* [What you are asked to do]: Set down exactly the lines from the one containing "rough emeralds scattered" to the final line of the records below, with every picture omitted.

Stored dataset items:
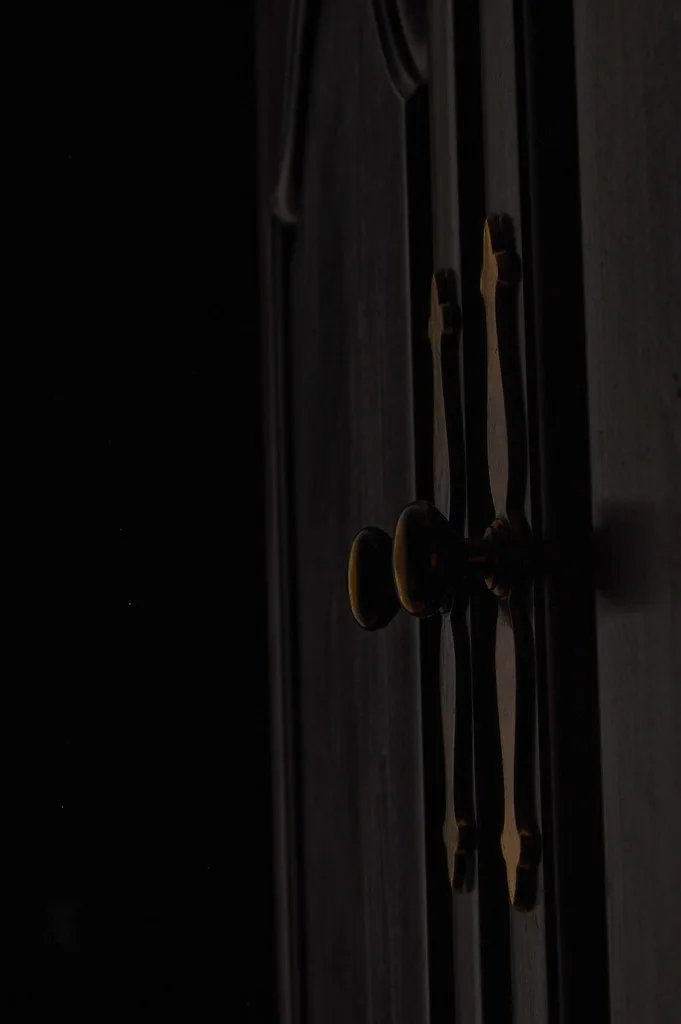 Close-up of a drawer front marked for cabinet pull holes beside a pull and knob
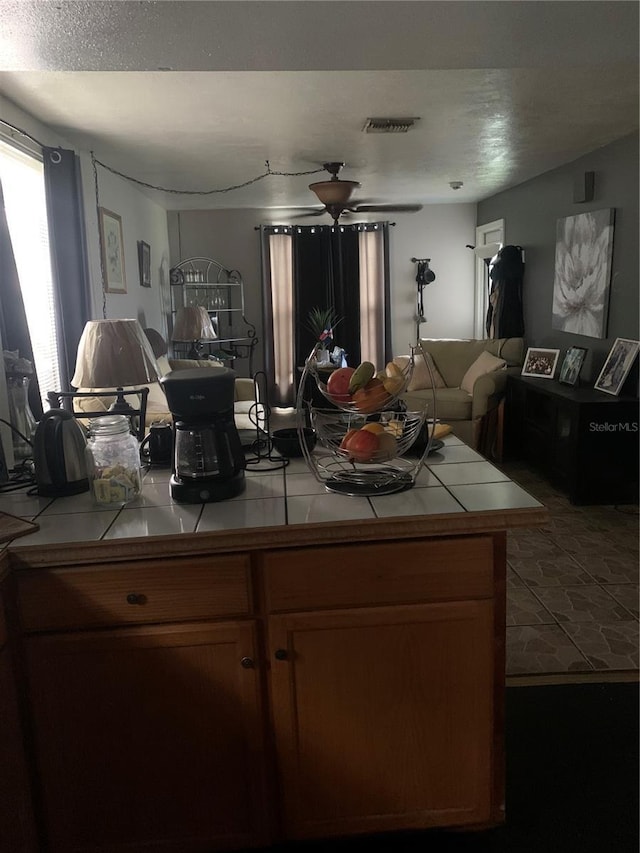 kitchen with ceiling fan and tile counters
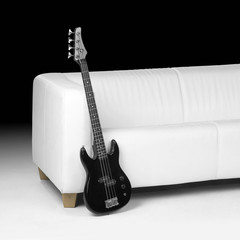 black bass guitar and white couch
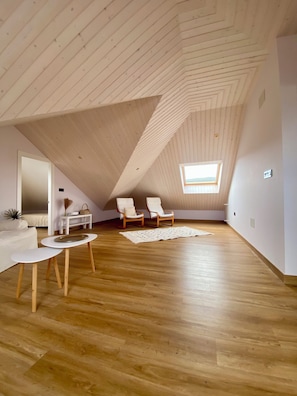 Een zolderkamer met houten vloeren, dakraam, een witte bank, twee stoelen, een klein tafeltje en een decoratieve mand.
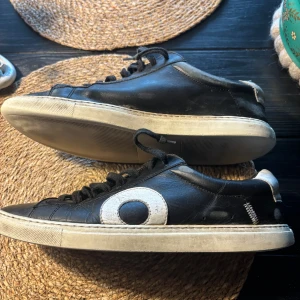 Svarta sneakers från Oliver Cabell - Snygga svarta sneakers från Oliver Cabell med vit sula och ett stort vitt cirkelmönster på sidan. Skorna har snörning och är tillverkade i skinn med rund tå och platt sula. Perfekta för dig som gillar stilrena och moderna detaljer.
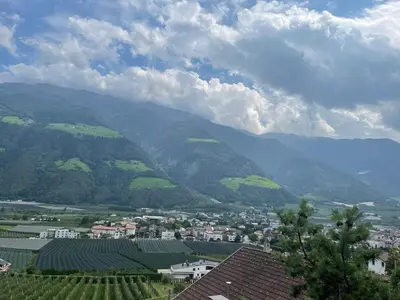 a table with food on top of a balcony with mountains at Haus Käfersberg in Naturno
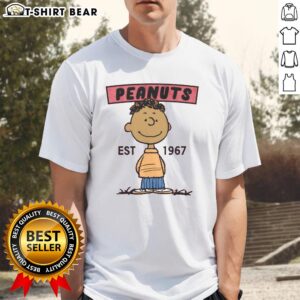 Alt Text: Pretty Peanuts Franklin Est 1967 T-Shirt featuring a stylish design of Franklin from the Peanuts comic strip.
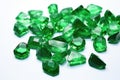 rough emeralds scattered on a white table Royalty Free Stock Photo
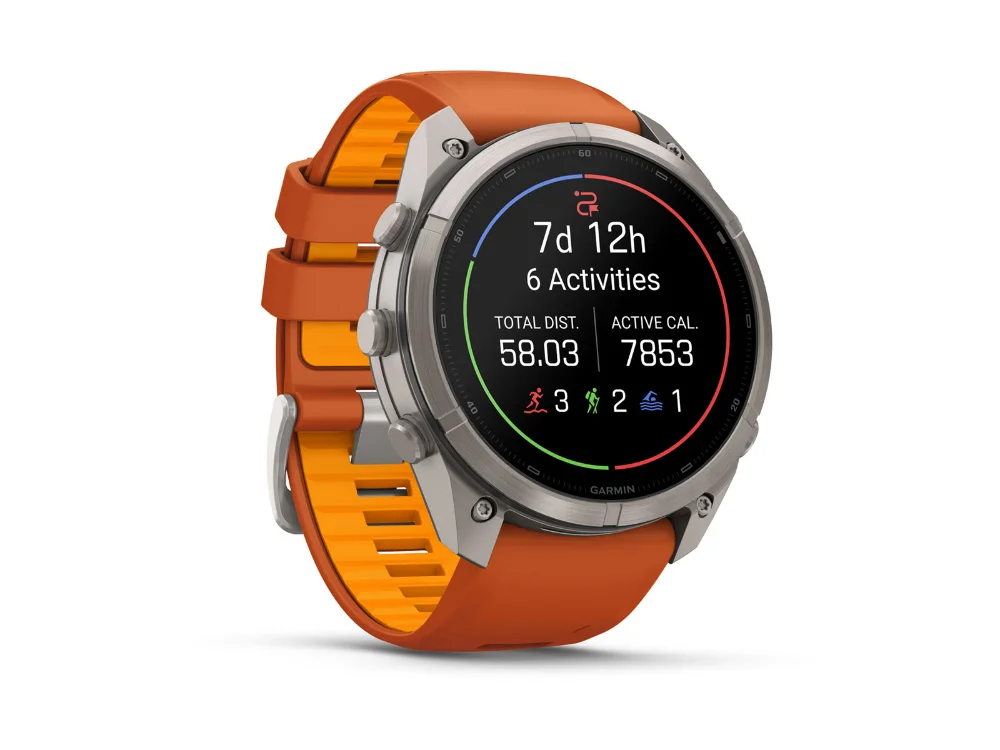 Garmin Fenix 9 Pro inReach 51 mm, титан, оранжевый силиконовый ремешок — вид сбоку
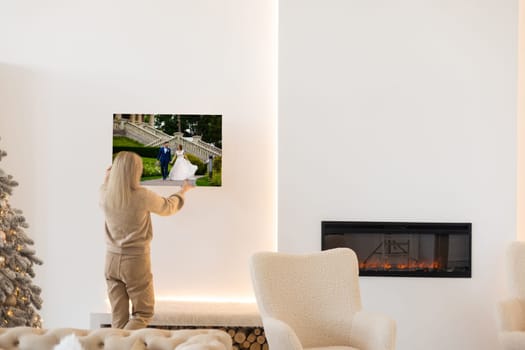 Modern Home Interior And Domestic Decor. Smiling young woman hanging painting, putting photo picture frame on the wall. Casual lady taking care of coziness in her new stylish apartment, profile.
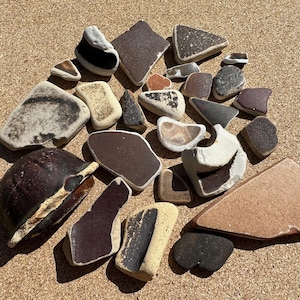 May include: A collection of sea glass pieces in various shapes and colors, including brown, white, and tan. Some pieces have rounded edges, while others are more angular. The pieces are arranged on a textured, light brown surface.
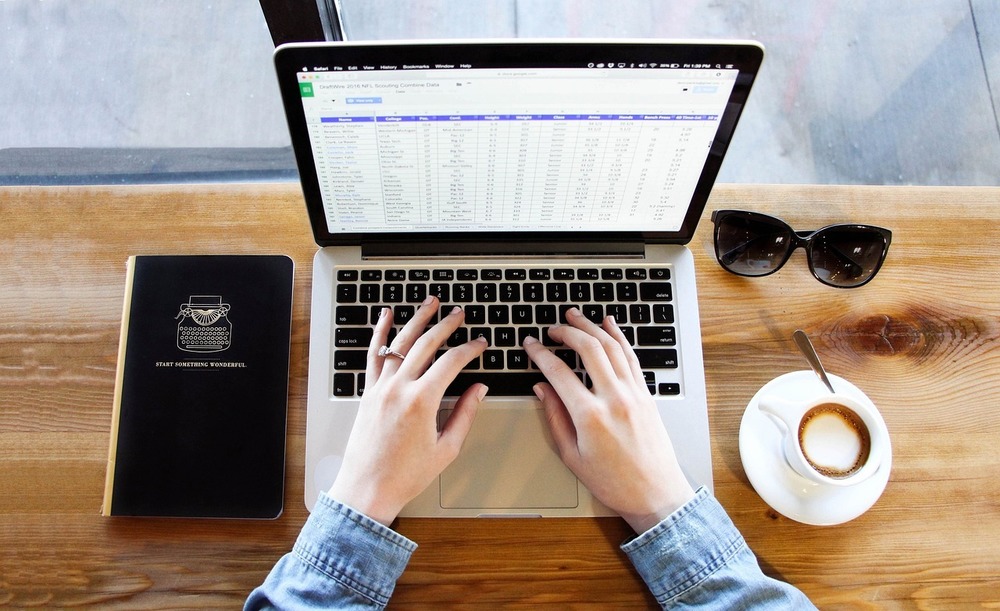 person typing on a computer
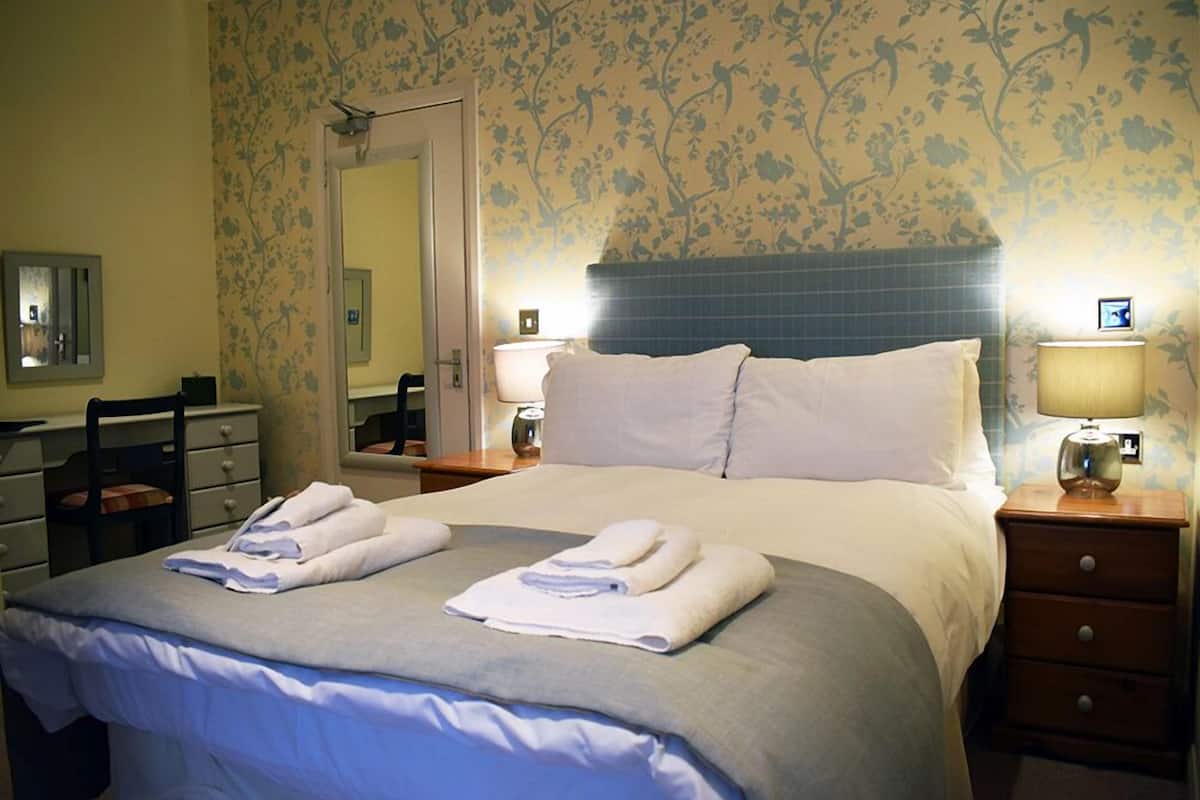 A neatly made bed with folded towels, a bedside table with a lamp, and a chair.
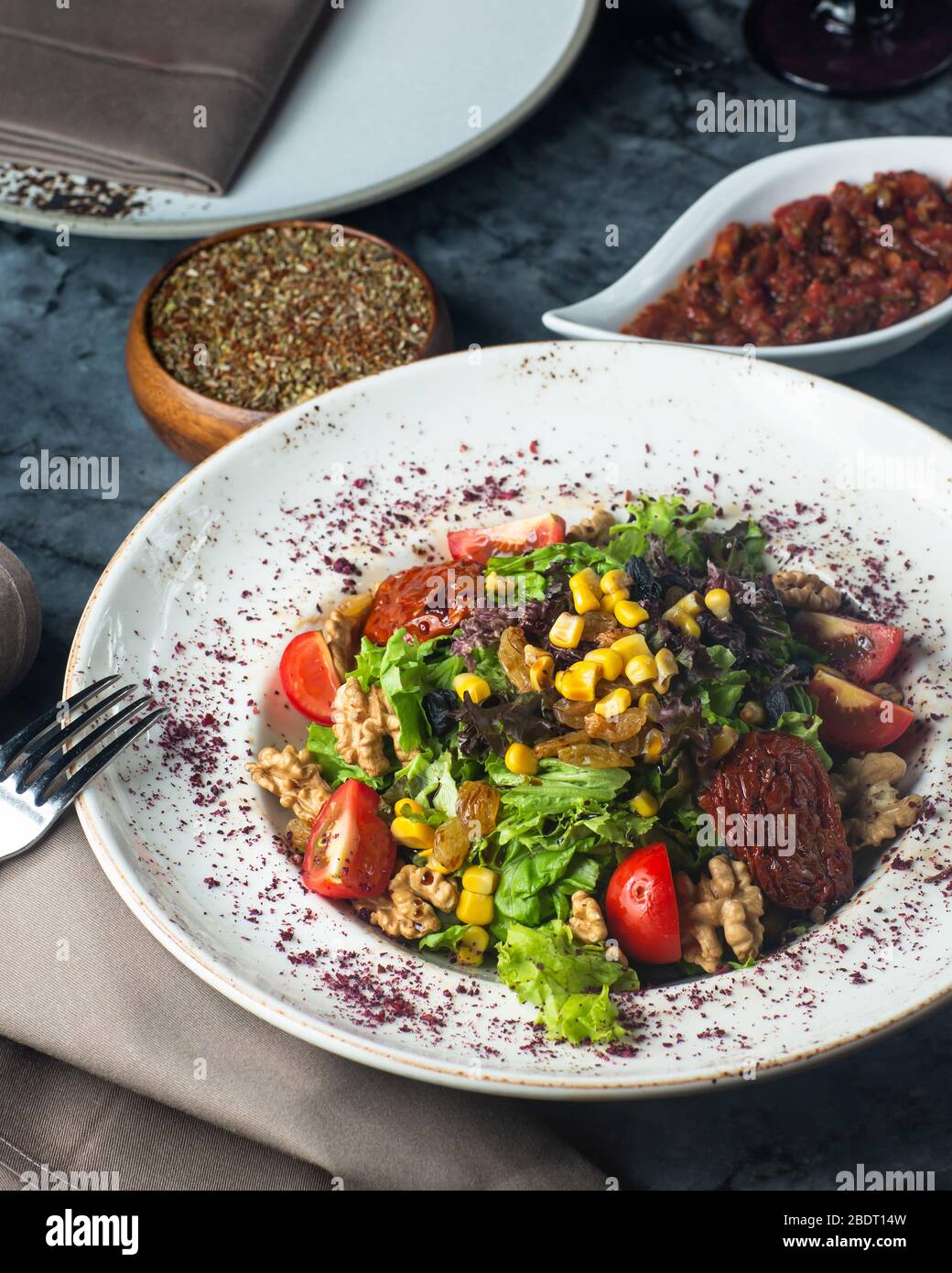 une assiette de salade verte avec du maïs de tomates de laitue et du raisin Banque D'Images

* [Solution to this task]:
 rough emeralds scattered on a white table Royalty Free Stock Photo
 Garmin Fenix 9 Pro inReach 51 mm, титан, оранжевый силиконовый ремешок — вид сбоку
 Modern Home Interior And Domestic Decor. Smiling young woman hanging painting, putting photo picture frame on the wall. Casual lady taking care of coziness in her new stylish apartment, profile.
 May include: A collection of sea glass pieces in various shapes and colors, including brown, white, and tan. Some pieces have rounded edges, while others are more angular. The pieces are arranged on a textured, light brown surface.
 person typing on a computer
 A neatly made bed with folded towels, a bedside table with a lamp, and a chair.
 une assiette de salade verte avec du maïs de tomates de laitue et du raisin Banque D'Images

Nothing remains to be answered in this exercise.